YOUR INSTRUCTIONS - In the records below, repeat exactly the lines between the line holding "Suit - Image 3" and the line holding "Rabanne Black Asymmetric Gathered Midi Skirt", inclusive, and drop the pictures.

-------- PROVIDED RECORDS --------

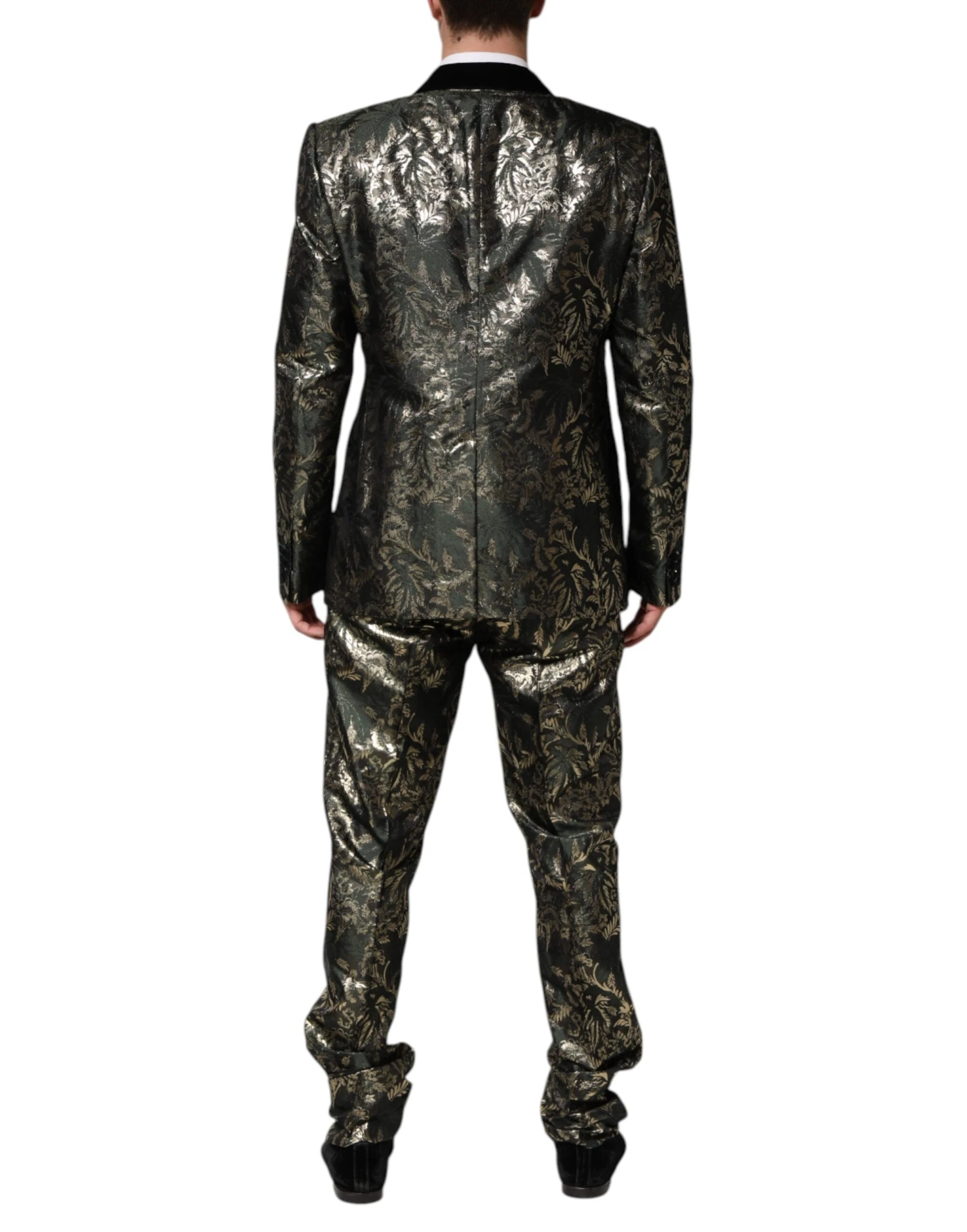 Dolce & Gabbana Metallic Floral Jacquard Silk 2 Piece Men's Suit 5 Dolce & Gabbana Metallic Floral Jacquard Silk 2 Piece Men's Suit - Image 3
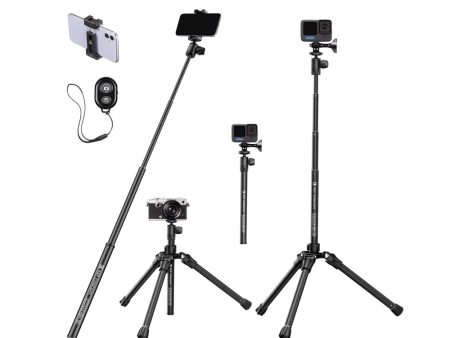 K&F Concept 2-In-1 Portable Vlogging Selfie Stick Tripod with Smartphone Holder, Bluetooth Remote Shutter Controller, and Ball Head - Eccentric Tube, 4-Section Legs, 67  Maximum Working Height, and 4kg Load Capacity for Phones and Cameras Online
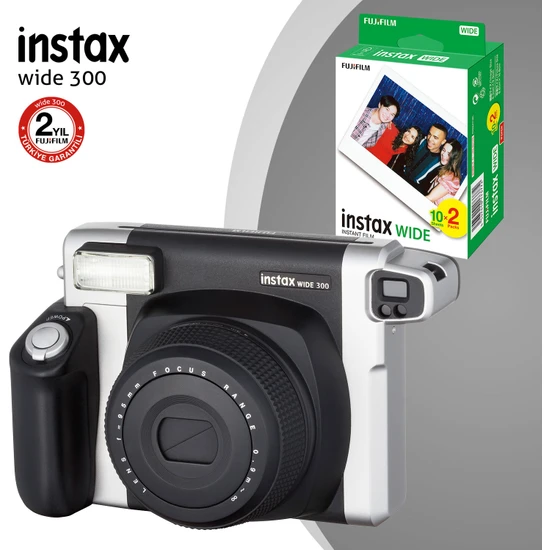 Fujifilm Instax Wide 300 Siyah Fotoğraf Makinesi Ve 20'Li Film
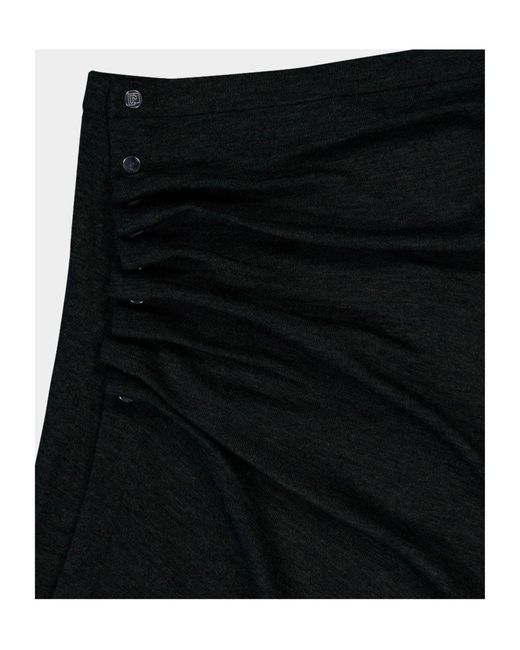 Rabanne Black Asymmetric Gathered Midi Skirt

--------
-------- PROVIDED RECORDS --------

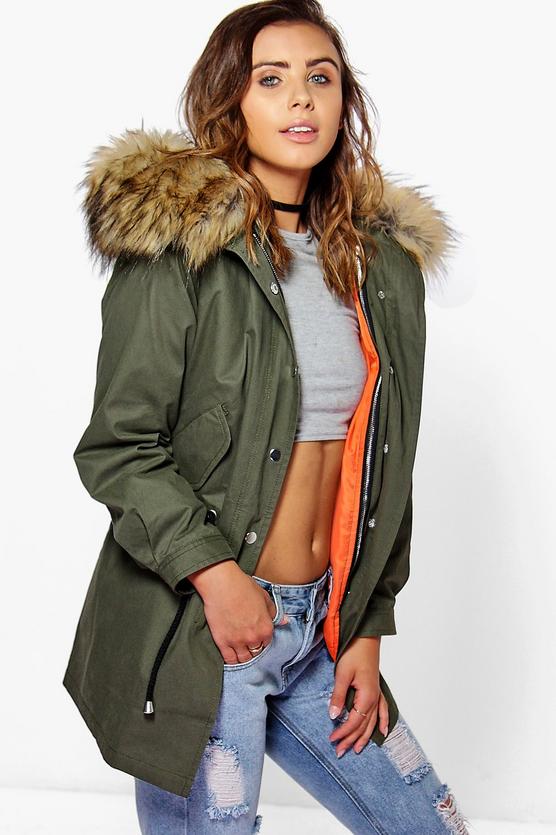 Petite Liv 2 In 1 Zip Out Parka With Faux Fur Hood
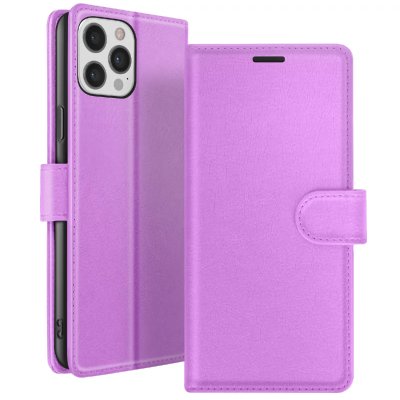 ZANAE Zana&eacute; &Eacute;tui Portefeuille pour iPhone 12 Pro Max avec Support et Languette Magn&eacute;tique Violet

--------

EXPECTED OUTPUT -
 Dolce & Gabbana Metallic Floral Jacquard Silk 2 Piece Men's Suit 5 Dolce & Gabbana Metallic Floral Jacquard Silk 2 Piece Men's Suit - Image 3
 K&F Concept 2-In-1 Portable Vlogging Selfie Stick Tripod with Smartphone Holder, Bluetooth Remote Shutter Controller, and Ball Head - Eccentric Tube, 4-Section Legs, 67  Maximum Working Height, and 4kg Load Capacity for Phones and Cameras Online
 Fujifilm Instax Wide 300 Siyah Fotoğraf Makinesi Ve 20'Li Film
 Rabanne Black Asymmetric Gathered Midi Skirt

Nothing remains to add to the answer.